Brasil
| Dissertação
Aspectos do primeiro teorema da incompletude de Kurt Gödel e uma análise da prova teorético informacional de Gregory Chaitin
Fecha
2022-05-20Autor
Medeiros, Bismarck Bório de
Institución
Resumen
The work seeks to elucidate and understand relevant aspects in the structure of paradoxical
undecidable sentences in consistent formal systems that contain Dedekind-Peano Arithmetic.
The first chapter exposes the investigations and advances in Mathematics and Logic
associated and the philosophical conceptions that culminated in Kurt Gödel's First
Incompleteness Theorem, published in his article Über formal unentscheidbare Sätze der
Principia Mathematica und verwandter Systeme I, in 1931. We will make a historical and
conceptual approach to Mathematics from the second half of the 19th century to the first half
of the 20th century with its main lines of thought, indicating the mathematical elements and
instruments developed to solve certain problems, as well as philosophical assumptions and
commitments that accompanied the activities aimed at the formalization and foundation of
contemporary Mathematical Logic that helped Gödel to elaborate his demonstration and to
explain limitations of such formal systems.

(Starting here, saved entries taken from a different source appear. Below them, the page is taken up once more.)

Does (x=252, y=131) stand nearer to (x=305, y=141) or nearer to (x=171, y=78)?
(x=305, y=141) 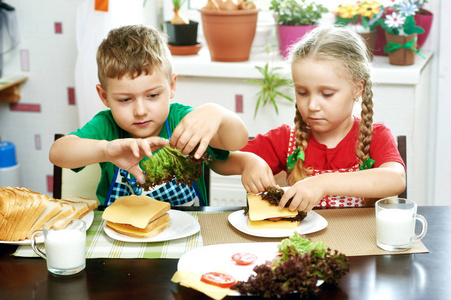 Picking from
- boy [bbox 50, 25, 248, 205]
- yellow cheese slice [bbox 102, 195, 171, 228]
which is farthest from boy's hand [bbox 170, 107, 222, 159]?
yellow cheese slice [bbox 102, 195, 171, 228]

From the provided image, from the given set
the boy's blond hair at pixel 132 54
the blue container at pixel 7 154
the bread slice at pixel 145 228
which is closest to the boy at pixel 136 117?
the boy's blond hair at pixel 132 54

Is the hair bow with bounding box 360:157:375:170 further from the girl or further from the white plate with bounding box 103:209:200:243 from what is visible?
the white plate with bounding box 103:209:200:243

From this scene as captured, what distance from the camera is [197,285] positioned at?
1.15 metres

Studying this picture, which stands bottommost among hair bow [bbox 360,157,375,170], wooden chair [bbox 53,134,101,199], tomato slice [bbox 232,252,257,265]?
wooden chair [bbox 53,134,101,199]

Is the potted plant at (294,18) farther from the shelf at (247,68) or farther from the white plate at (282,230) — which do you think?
the white plate at (282,230)

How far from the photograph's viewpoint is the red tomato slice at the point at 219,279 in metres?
1.17

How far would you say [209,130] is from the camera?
4.79ft

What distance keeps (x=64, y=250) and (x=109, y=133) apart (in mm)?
600

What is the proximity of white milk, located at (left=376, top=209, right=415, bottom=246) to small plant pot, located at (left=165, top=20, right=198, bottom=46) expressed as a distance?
1757 millimetres

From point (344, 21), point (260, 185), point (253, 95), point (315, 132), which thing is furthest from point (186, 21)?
point (260, 185)

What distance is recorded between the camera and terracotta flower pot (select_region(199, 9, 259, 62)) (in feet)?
8.84

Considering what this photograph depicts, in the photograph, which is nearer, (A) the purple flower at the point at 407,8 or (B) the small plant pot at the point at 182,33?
(A) the purple flower at the point at 407,8

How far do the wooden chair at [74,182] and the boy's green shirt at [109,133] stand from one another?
0.20 feet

The second chapter aims to analyze the
components and expose or elaborate formalized undecidable sentences based on paradoxes
considered epistemic or semantic. Will be discussed paradoxes expressed implicitly and
explicitly in the structure of undecidable sentences. We approaching similarities and
distinctions of both finite and infinite undecidable sentences, seeking to understand the proofs
and phenomena that lead to the incompleteness of formal systems that contains Dedekind-
Peano Arithmetic. Soon after, the third chapter will focus on the application of Algorithmic
Information Theory developed by Gregory Chaitin to demonstrate a discussed version of
incompleteness of formal systems based on Berry's Paradox. The critical literature on this
information-theoretic version will be resumed, as well as an analysis based on the sentences
seen above, carrying out a scrutiny of the justifications and definitions used in Chaitin's proof.
At the end, we open a discussion about the nature of incompleteness associated with the
notion of computability and the limits of finite mechanical processes.